W niedzielnym meczu z Widzewem Łódź Dieguez nie znalazł się nawet na ławce rezerwowych. Trener Adrian Siemieniec pytany o to na pomeczowej konferencji prasowej powiedział krótko, że ta sytuacja, iż Hiszpan znalazł się poza kadrą na ten mecz, zależy wyłącznie od piłkarza.

Reklama

Po rozmowach przedstawicieli klubu z zawodnikiem obie strony doszły do wniosku, że dotychczasowa formuła współpracy się wyczerpała, a najlepszym rozwiązaniem będzie rozstanie w atmosferze wzajemnego szacunku - poinformowała Jagiellonia. Według wcześniejszych medialnych informacji, hiszpański obrońca źle znosił sytuację, w której - po długim leczeniu kontuzji - nie odzyskał miejsca w pierwszym składzie.

Dieguez w tym sezonie nie zagrał

29-letni obecnie Dieguez trafił do Jagiellonii dwa lata temu, rozegrał w tym zespole łącznie ponad 60 oficjalnych spotkań, zdobył jedną bramkę i miał cztery asysty; był ważnym zawodnikiem w składzie, który w sezonie 2023/2024 zdobył mistrzostwo Polski. Podczas zimowych przygotowań w Turcji w połowie poprzedniego sezonu odniósł poważną kontuzję, która na kilka miesięcy wyeliminowała go z gry.

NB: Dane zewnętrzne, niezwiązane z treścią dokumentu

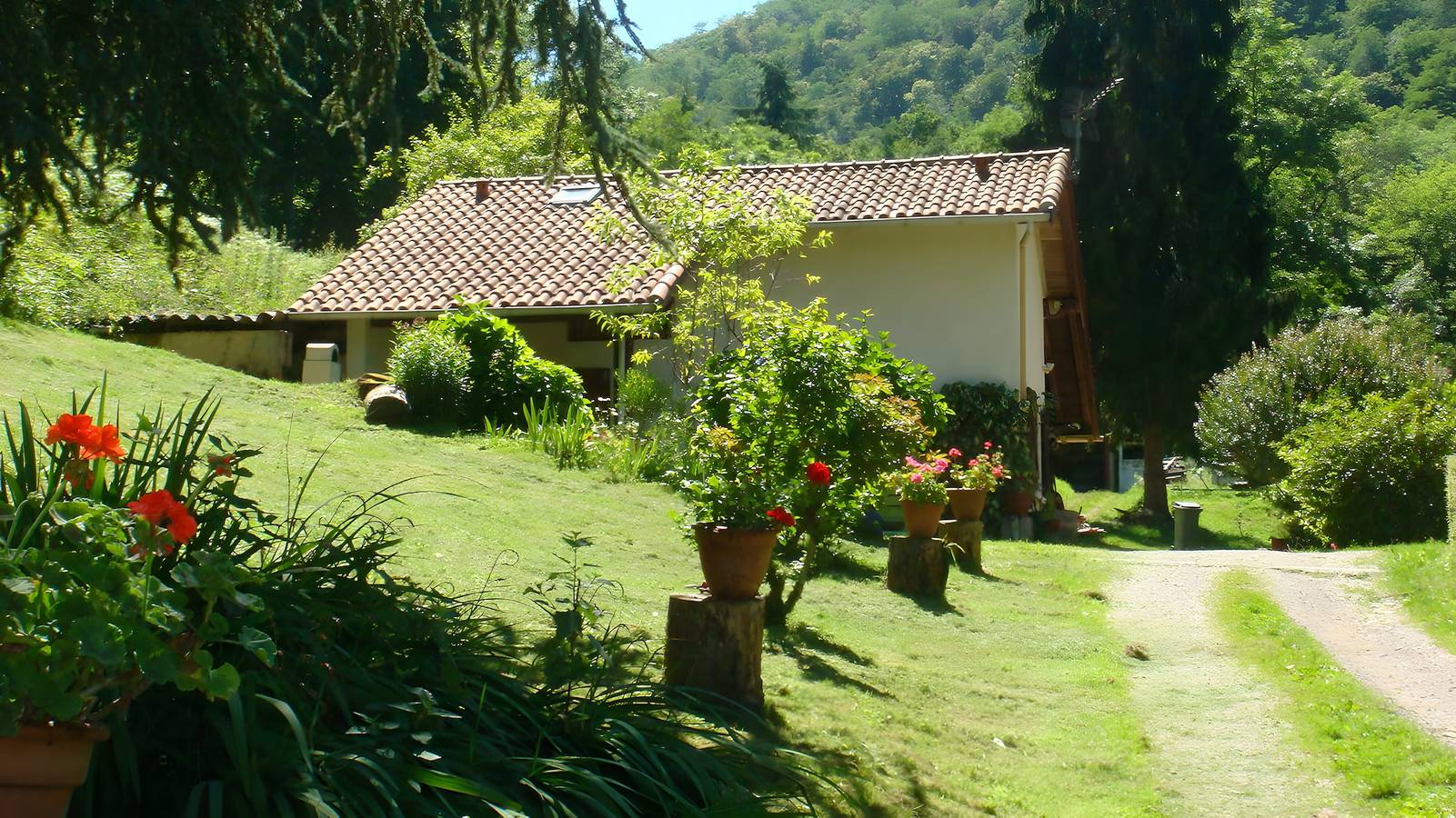 Gîte des Carcis : vue montagne, terrasse privée et Wi-Fi in Ganac, Parc naturel régional des Pyrénées ariégeoises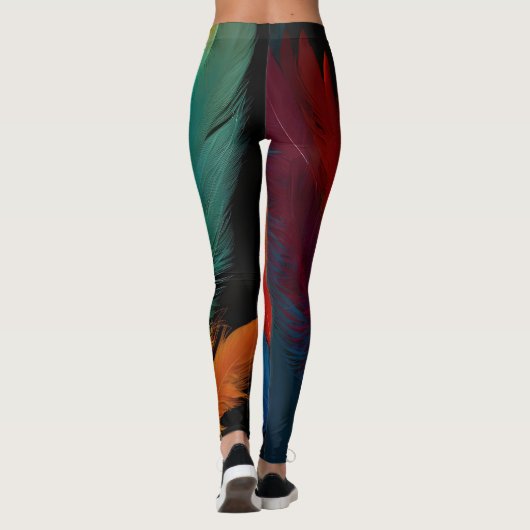 Zuidwestveer Abstract Leggings (Achterkant)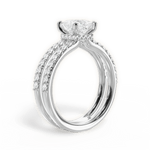 Christie Princess Cut Lab Grown Diamond Platinum Engagement Ring - View 4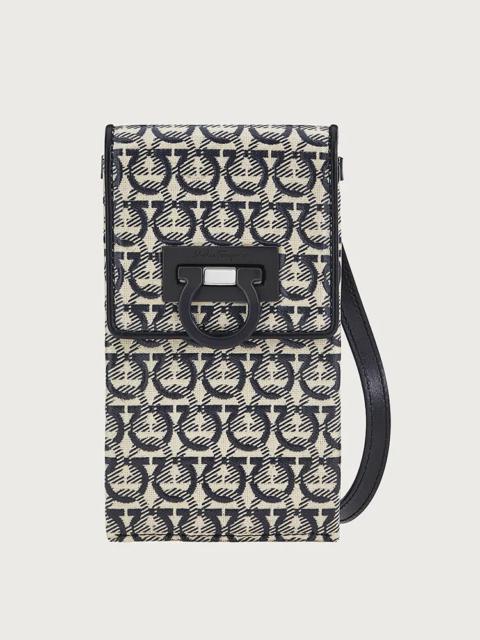 FERRAGAMO TRIFOLIO SMARTPHONE HOLDER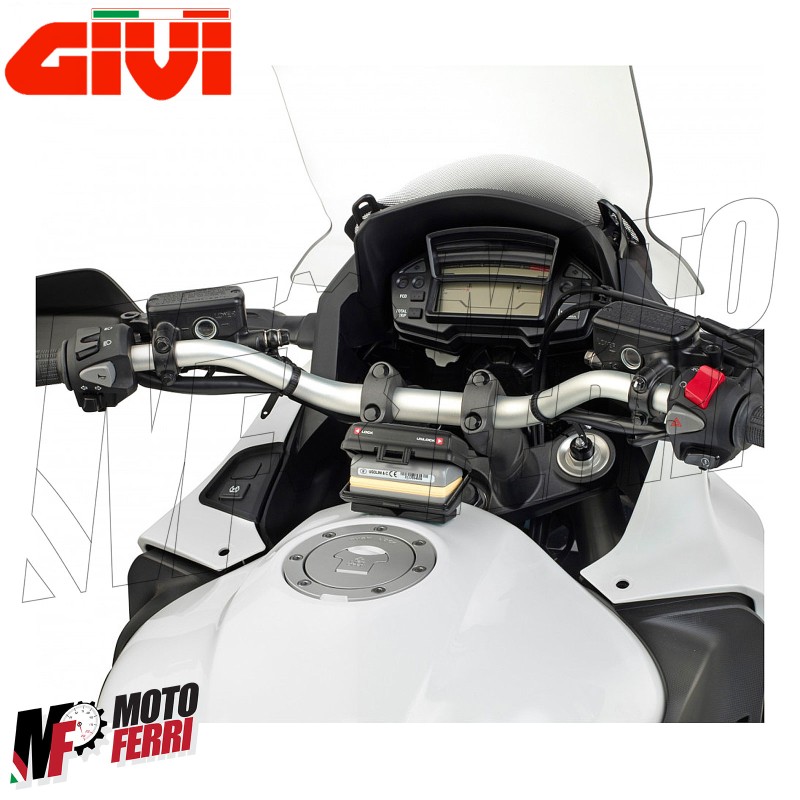 MF3033 - Custodia Porta Telepass Adesivo Givi Universale Moto Scooter S602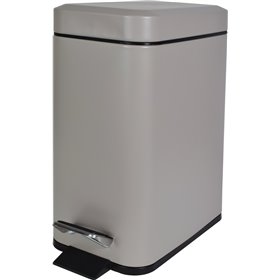 Estia Slim Taupe Inox Καλαθάκι Μπάνιου 5lt Μπεζ Estia Slim Taupe Inox Καλαθάκι Μπάνιου 5lt Μπεζ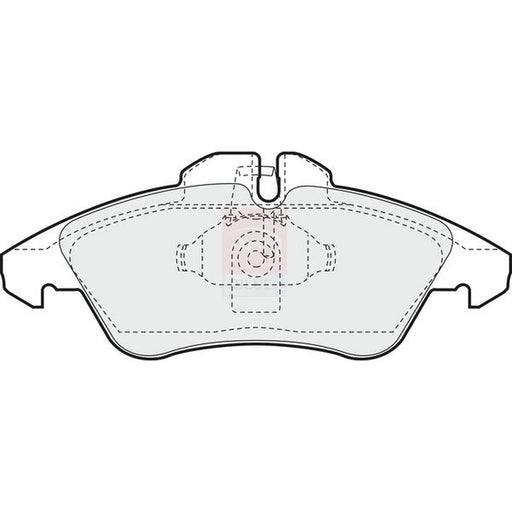 Apec Front Brake Pad Set fits Mercedes-Benz Sprinter 2-T 1995-2006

W ostatnim czasie już jednak normalnie trenował, ale w tym sezonie nie zagrał ani w obu meczach ligowych, ani w meczu eliminacji Ligi Konferencji.

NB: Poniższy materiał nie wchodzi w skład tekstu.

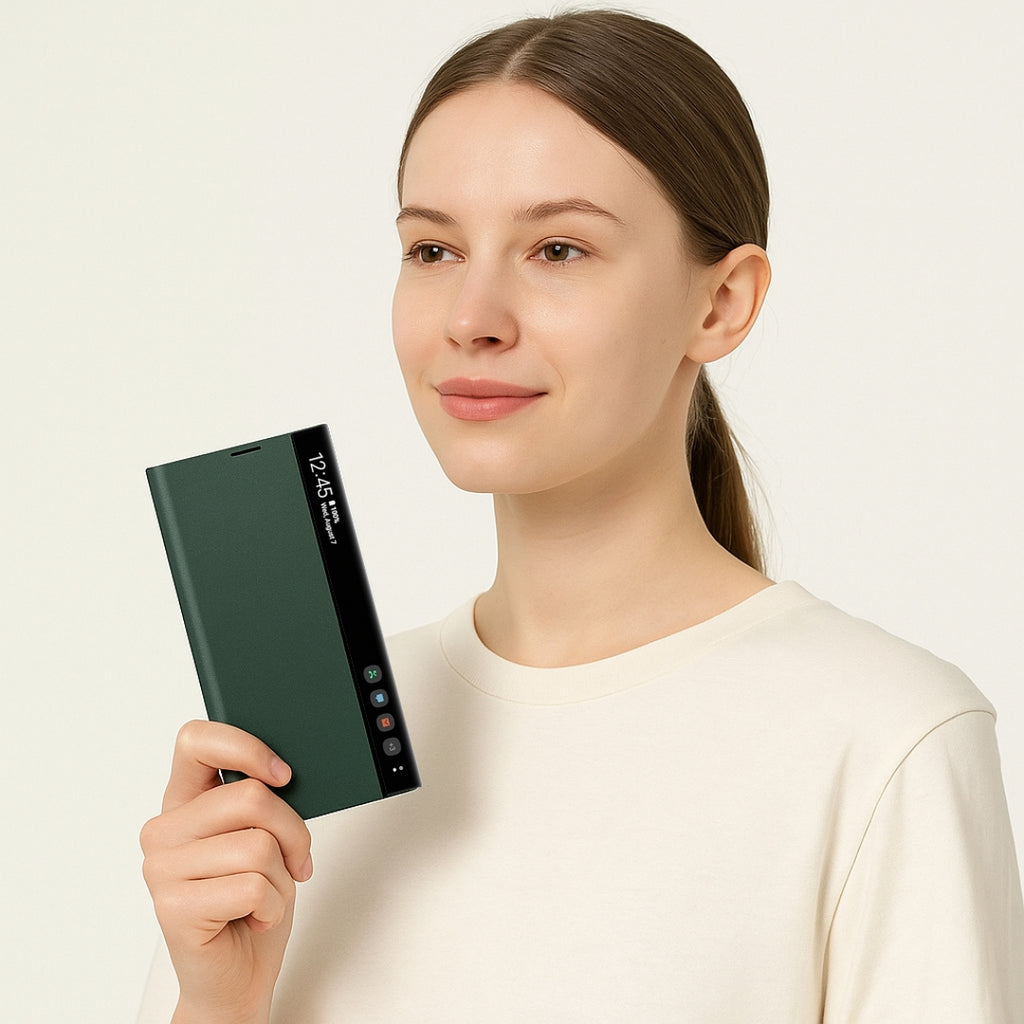 Galaxy Ultra Series PU Leather Side Window Flip Case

Jagiellonia została z trzema stoperami

Rozwiązanie z nim umowy oznacza, że Jagiellonia ma nominalnie w kadrze teraz trzech stoperów, w tym dwóch zupełnie nowych - Portugalczyka Bernardo Vitala i Japończyka Yuki Kobayashiego oraz Słoweńca Dusana Stojinovica. Przed sezonem z klubu odszedł do Lecha Poznań Mateusz Skrzypczak.